The Vedanta Sutras of Badarayana, Commentary by Sankara (SBE38), tr. by George Thibaut  at sacred-texts.com
38. For the True and so on are one and the same (vidyâ).
The text of the Vâgasaneyaka, after having enjoined the knowledge of the True, together with a meditation on the syllables of its name ('Whosoever knows this great glorious first-born as the true Brahman,' &c., Bri. Up. V, 4, 1), continues, 'Now what is the True, that is the Âditya, the person that dwells in yonder orb, and the person in the right eye' (V, 5, 2).--The doubt here arises whether the text enjoins two vidyâs of the True or one only.
Two, the pûrvapakshin maintains. For the text declares two different results, one in the earlier passage, 'He conquers these worlds' (V, 4, 1); the other one later on. 'He destroys evil and leaves it' (V, 5, 3). And what our opponent may call a reference to the subject-matter under discussion, 1 is merely due to the circumstance of the object of meditation being the same (in the two vidyâs).
To this we make the following reply.--There is only one vidyâ of the True, because the clause, 'That which is the True,' &c., refers back to that True which is treated
of in V, 4.--But has not the pûrvapakshin shown that the clause alluded to can be accounted for even on the supposition of there being two vidyâs?--The reasoning of the pûrvapakshin, we reply, would be admissible only if the separateness of the two vidyâs were established by some other clear and undoubted reason; in our ease, however, there is a general possibility of both (viz. of the vidyâs being separate or not), and the very circumstance that the mentioned clause contains a back reference to the True spoken of in V, 4, determines us to conclude that there is only one vidyâ of the True.--To the remark that there must be two vidyâs because the text states two different results, we reply that the statement of a second result merely has the purpose of glorifying the new instruction given about the True, viz. that its secret names are ahar and aham. Moreover, as in the case under discussion, the fruit of the vidyâ has really to be supplied from its arthavâda part 1, and as there is unity of vidyâ, all those fruits which the text states in connexion with the single parts of the vidyâ are to be combined and put in connexion with the vidyâ taken as a whole.--The conclusion therefore is that the text records only one vidyâ of the True, distinguished by such and such details, and that hence all the qualities mentioned, such as Truth and so on, are to be comprehended in one act of meditation.

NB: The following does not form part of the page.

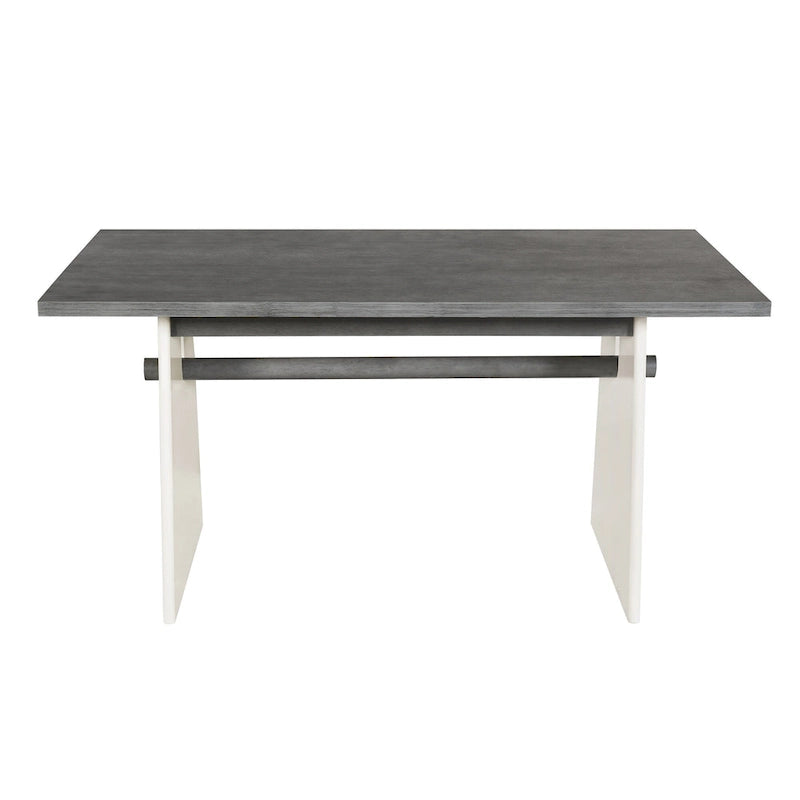 Ensemble table de salle à manger à tréteaux gris/marron pour 6 personnes, avec 6 chaises rembourrées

Some commentators are of opinion that the above Sûtra refers (not to the question whether Bri. Up. V, 4 and V, 5 constitute one vidyâ but) to the question whether the Vâgasaneyaka-passage about the persons in the sun and in the eye, and the similar Khândogya-passage (I, 6, 6, 'Now that golden person who is seen within the sun,' &c.) form one vidyâ or not. They conclude that they do so, and that hence truth and the other qualities mentioned in
the Vâgasaneyaka are to be combined with the Khândogya-text also.--But this interpretation of the Sûtra appears objectionable. For the Khândogya-vidyâ refers to the udgîtha and is thus connected with sacrificial acts, marks of which connexion are exhibited in the beginning, the middle, and the end of the vidyâ. Thus we read at the beginning, 'The Rik is the earth, the Sâman is fire;' in the middle, 'Rik and Sâman are his joints and therefore he is udgîtha;' and in the end, 'He who knowing this sings a Sâman' (Kh. Up. I, 6, 1; 8; I, 7, 7). In the Vâgasaneyaka, on the other hand, there is nothing to connect the vidyâ with sacrificial acts. As therefore the subject-matter is different, the vidyâs are separate and the details of the two are to be held apart.
245:1 Viz. the clause in V, 5, 2, 'That which is the true,' which apparently--or really--connects the vidyâ of V, 5 with that of V, 4.
246:1 For the vidyâ contains no explicit statement that a man desirous of such and such a fruit is to meditate on the True in such and such a way.--That in cases where the fruit is not stated in a vidhi-passage it must be supplied from the arthavâda-passages, is taught in the Pû. Mî. Sû. IV, 3, eighth adhikarana.